金箔工芸の第一人者として人気のある堀省平は1948年(昭和23年)に、金彩師であった堀幸之助(ほし さちのすけ)の長男として生まれます。
生まれた当初から金彩の技術を学べる環境にあった堀省平は、1962年(昭和37年)に金彩の道に入っていきます。
1985年(昭和60年)以降から金彩工芸展で数々の作品が入賞し、徐々に評価が高まりました。
1992年(平成3年)の金彩工芸展では、最高賞に当たるの近畿通産局長賞を受賞するまでに至りました。
その後も魅力的な金彩友禅を制作し続けた堀省平は、1997年(平成8年)に通商産業大臣認定資格の伝統工芸士に認定されました。
認定後、外務省からの依頼でモナコ公国700年祭に参加し、自身の作品発表・寄贈をしました。
2001年(平成12年)には和装美の素材を海外の文化に求めた『リ・ロイヤル』を発表しました。

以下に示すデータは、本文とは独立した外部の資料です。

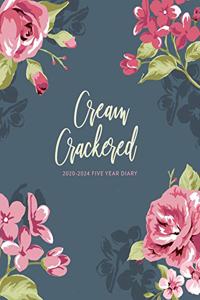 2020-2024 Five Year Diary; Cream Crackered
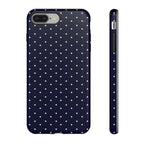 Navy Polka Dots Phone Case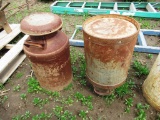 Lot of 2 Vintage Milk Cans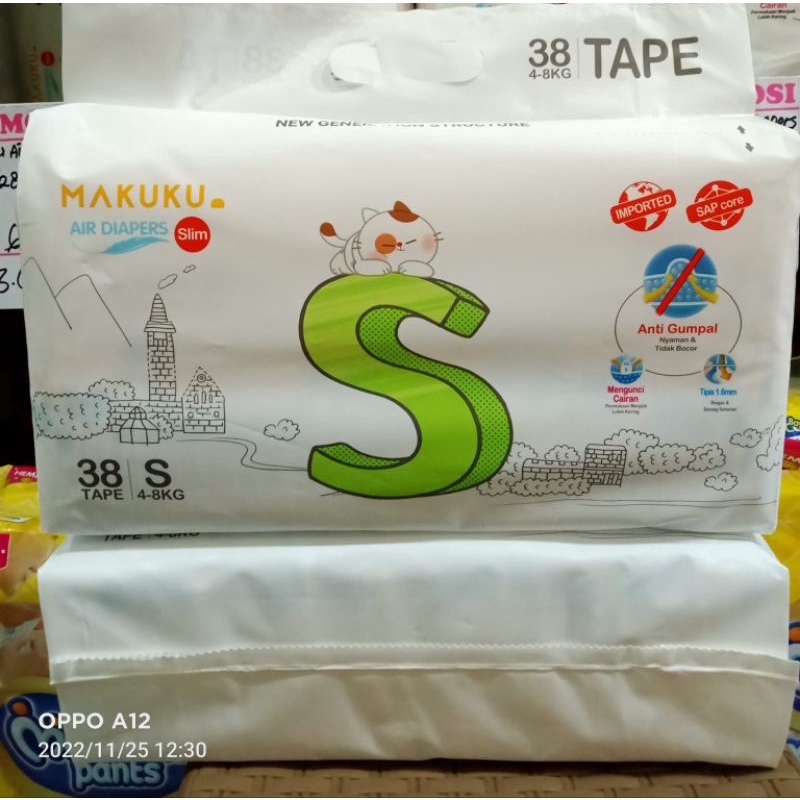 MAKUKU AIR DIAPERS SLIM NB28/S38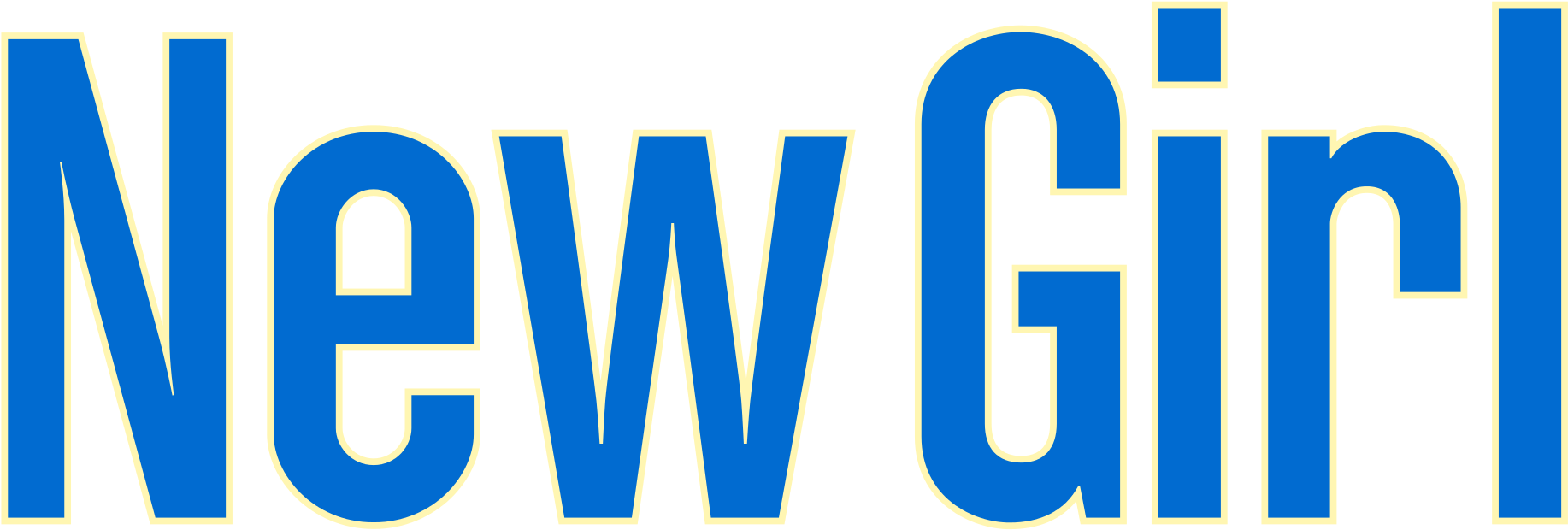 New Girl - New Girl Poster (2000x788), Png Download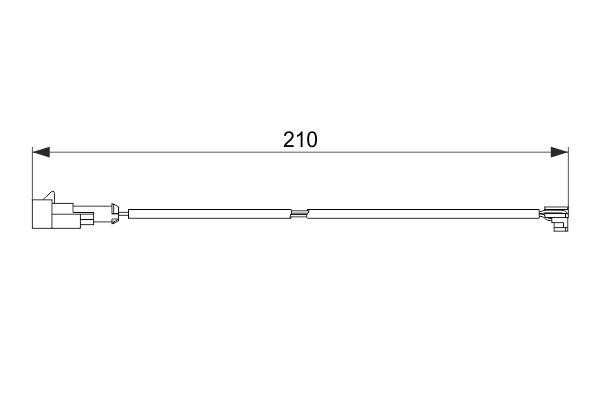 Brake pad wear sensor Iveco Daily: 1987474520 Bosch Brake pad wear sensor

また、同年に発行された美術家名鑑に特殊工芸作家として掲載されました。
堀省平は金彩の魔術師とも呼ばれている伝統工芸士で、彼が制作する金彩友禅の着物や帯は見る角度によってその表情を変えて反射する箔加工が特徴的で、著名人をはじめ多くの人から愛されています。
金彩友禅の技法と特徴について
金彩友禅には独自の技法がいくつか存在していて、それらの技法を組み合わせることによって様々な表情を生み出しています。
堀省平の作品も現代の感性に、色彩と模様を作品上で表現したことで高い評価を得てきました。

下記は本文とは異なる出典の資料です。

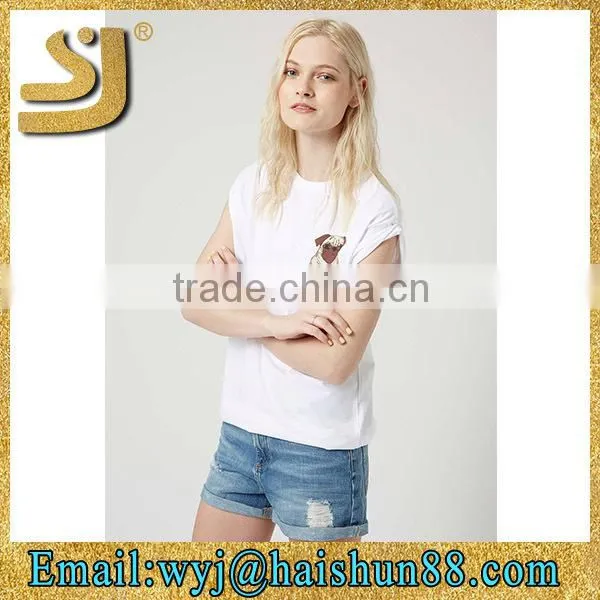 Slim Fit Pug Pocket Tee by Tee & Cake photo-2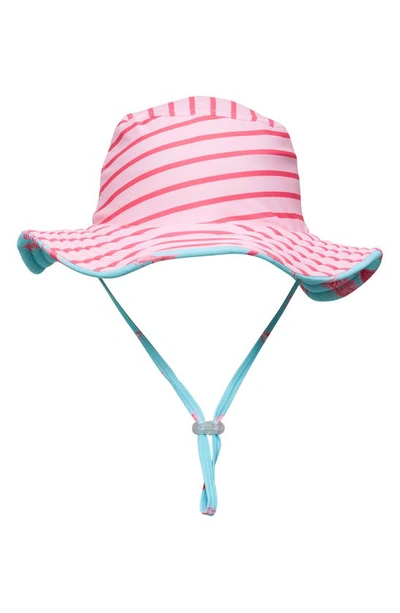 Snapper Rock Kids' Lighthouse Island Reversible Bucket Hat In Blue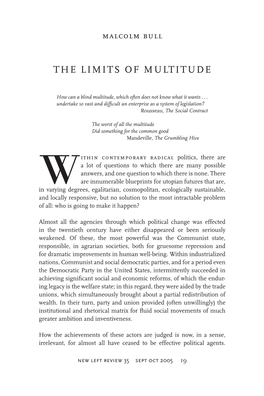 The Limits of Multitude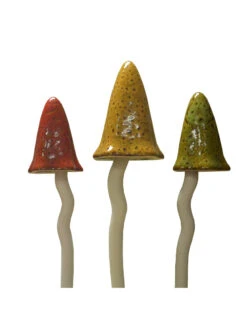 Potting Shed Tinkling Toadstool Sculptures, Set Of 3 18 Potting Shed Tinkling Toadstool Sculptures, Set Of 3 -Garden Care 8611730 au 02v potting shed tinkling toadstool sculptures set of 3 autumn
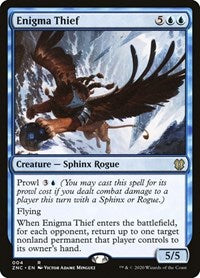 Enigma Thief [Commander: Zendikar Rising] | The Gaming-Verse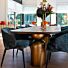Stoel Amphara Blue Chenille Fire Retardant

ここからは、金彩友禅で用いられる技法とそれらの特徴についていくつか紹介します。
押箔(おしはく)
金彩技法の基本的な技術の一つです。
糊(接着剤)を箔の置く部分に筆で均一に塗り、紙や布なので余分な糊を取り除きます。
シワができないように素早く箔を張り付けて自然乾燥します。
箔の色の変化を線・面・点の部分で表現するときに、箔の風合いを美しくするための技法として用いられています。
泥金描(でいきんがき)
細かな純金粉などを樹脂でよく溶いて筆で生地上に模様を描く技法です。
筆以外にも、たたき印毛や金網などを使うことによって多種多様な模様を表現することが可能です。
しかし、直接生地の上で筆を動かすので熟練した技術が必要とされています。
盛り上げ箔
金彩模様を立体的に表現する技法です。
立体感を線・面・点で表現するときは、粘度の高い糊を型紙や筆などで生地の上に塗ってすぐに乾かす。
乾燥後に溶剤などが入った霧吹きで糊の粘着力を戻して、そこに箔・砂子をつけることで刺繍のような立体感のある金彩を表現しています。
堀省平の作風とは
若いころから金彩の術を学んだ堀省平の着物や帯の作品は、金彩工芸展では高い評価を受け、伝統工芸士としても認定されているほどその技術は確かなものがあります。
堀省平の作品は、金彩工芸士ならではの煌びやかな金箔を何枚も重ね、金箔一つひとつに繊細な柄が浮かび上がっているのが特徴です。
また、金彩技法を用いての絶妙な箔使いで、プリズムの魅力を最大限に生かした作品は、堀省平が持つ独特な技法でもあります。
金箔や銀箔で柄を表現する金彩友禅ですが、堀省平の作品は良い意味でその期待を裏切り、あまりギラギラとした印象を与えずに、優美で気品な作風に仕上げるように金彩技法を用います。
金彩技法を用いながらも優美な作風に仕上げるのは、本人が着物を作るにあたって決めている『着てこそ美しいキモノ』というテーマを貫いているためでしょう。
現代の人にも着てもらえるよう、和装美の追求し日々創作活動を続けています。